→ DIRECTIONS
Reproduce everything from the line that contains "Japanese rice bowl" down to the line that contains "Small Eastern bronze" in the listing below, word for word and nothing more. Leave the pictures out.

→ DATA LISTING
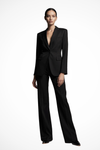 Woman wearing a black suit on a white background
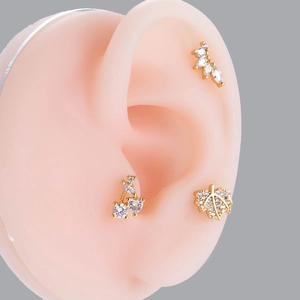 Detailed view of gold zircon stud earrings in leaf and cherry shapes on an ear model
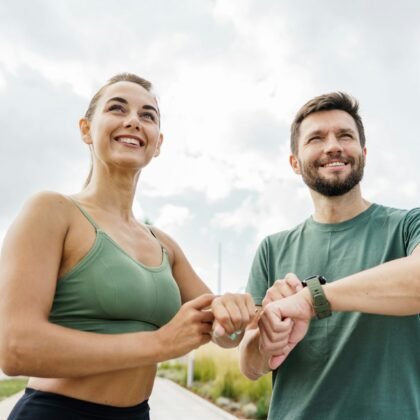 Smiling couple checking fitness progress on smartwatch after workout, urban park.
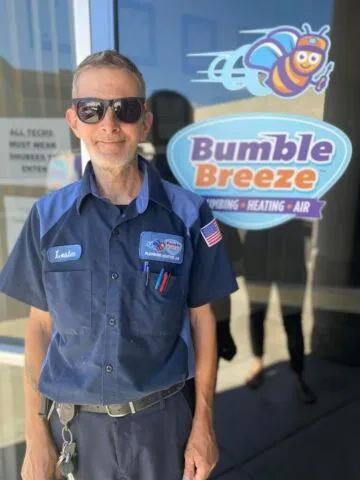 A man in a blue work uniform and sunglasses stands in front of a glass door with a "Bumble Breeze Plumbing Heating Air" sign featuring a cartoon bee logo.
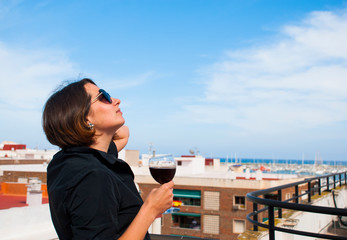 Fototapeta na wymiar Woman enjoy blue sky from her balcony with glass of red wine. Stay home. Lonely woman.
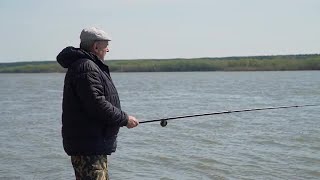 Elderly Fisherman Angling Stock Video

--

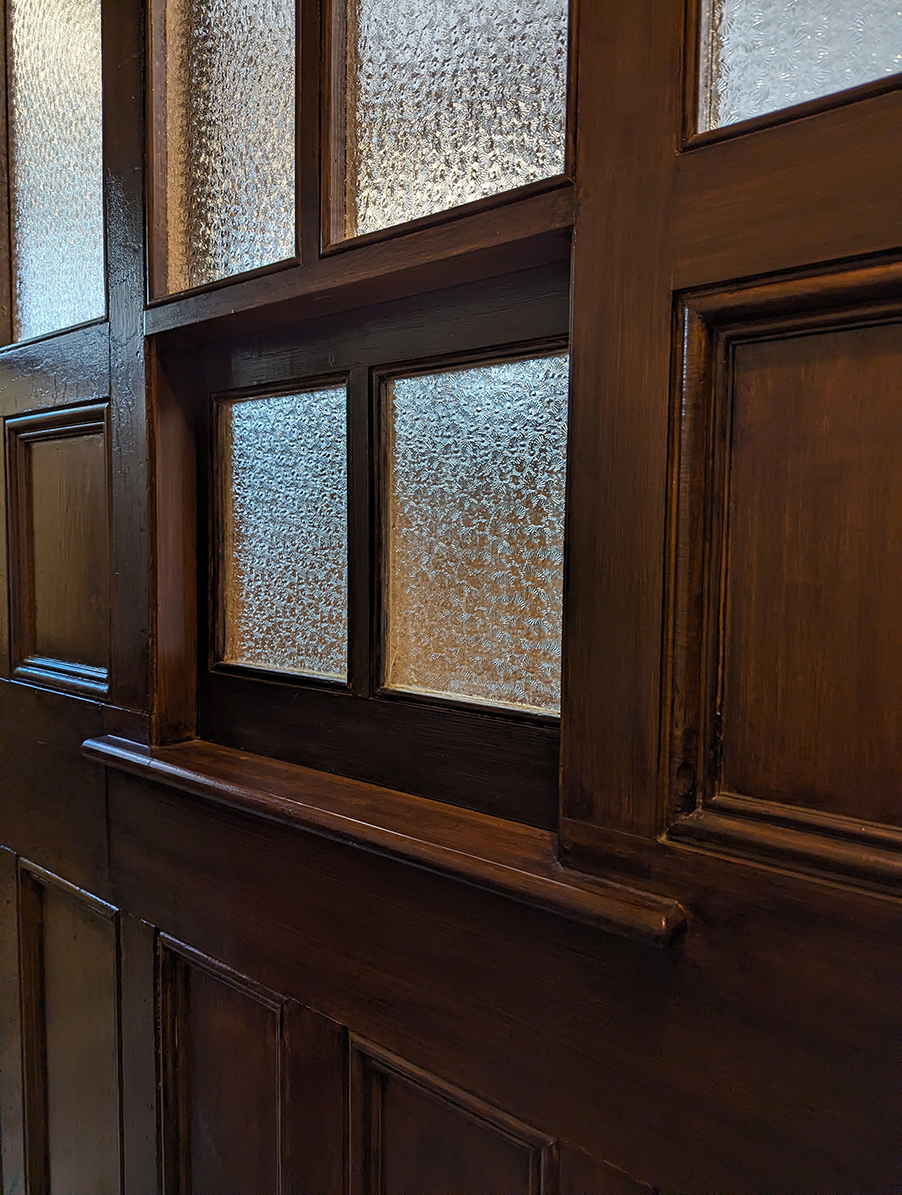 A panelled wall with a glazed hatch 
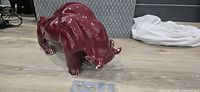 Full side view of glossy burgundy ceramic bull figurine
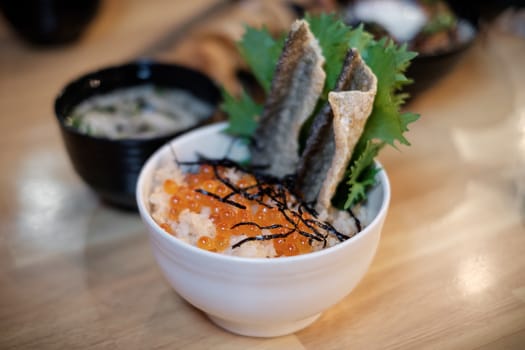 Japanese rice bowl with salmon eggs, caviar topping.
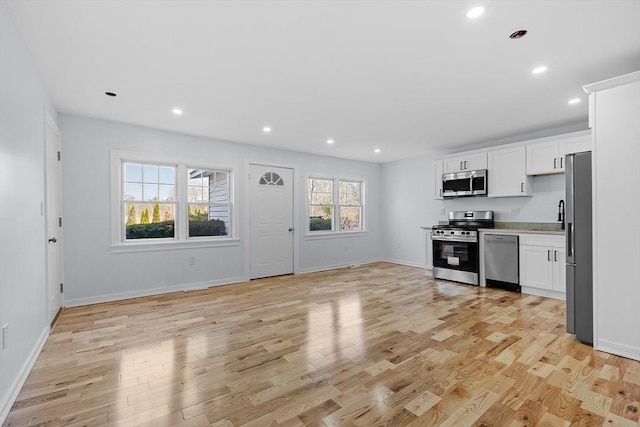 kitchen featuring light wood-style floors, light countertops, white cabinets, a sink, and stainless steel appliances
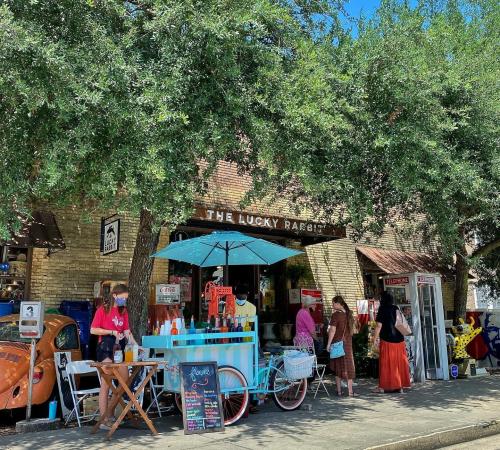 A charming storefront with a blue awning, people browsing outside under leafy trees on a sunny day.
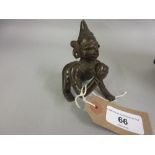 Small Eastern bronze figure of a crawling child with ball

→ ANSWER BOX
 Japanese rice bowl with salmon eggs, caviar topping.
 kitchen featuring light wood-style floors, light countertops, white cabinets, a sink, and stainless steel appliances
 A charming storefront with a blue awning, people browsing outside under leafy trees on a sunny day.
 Small Eastern bronze figure of a crawling child with ball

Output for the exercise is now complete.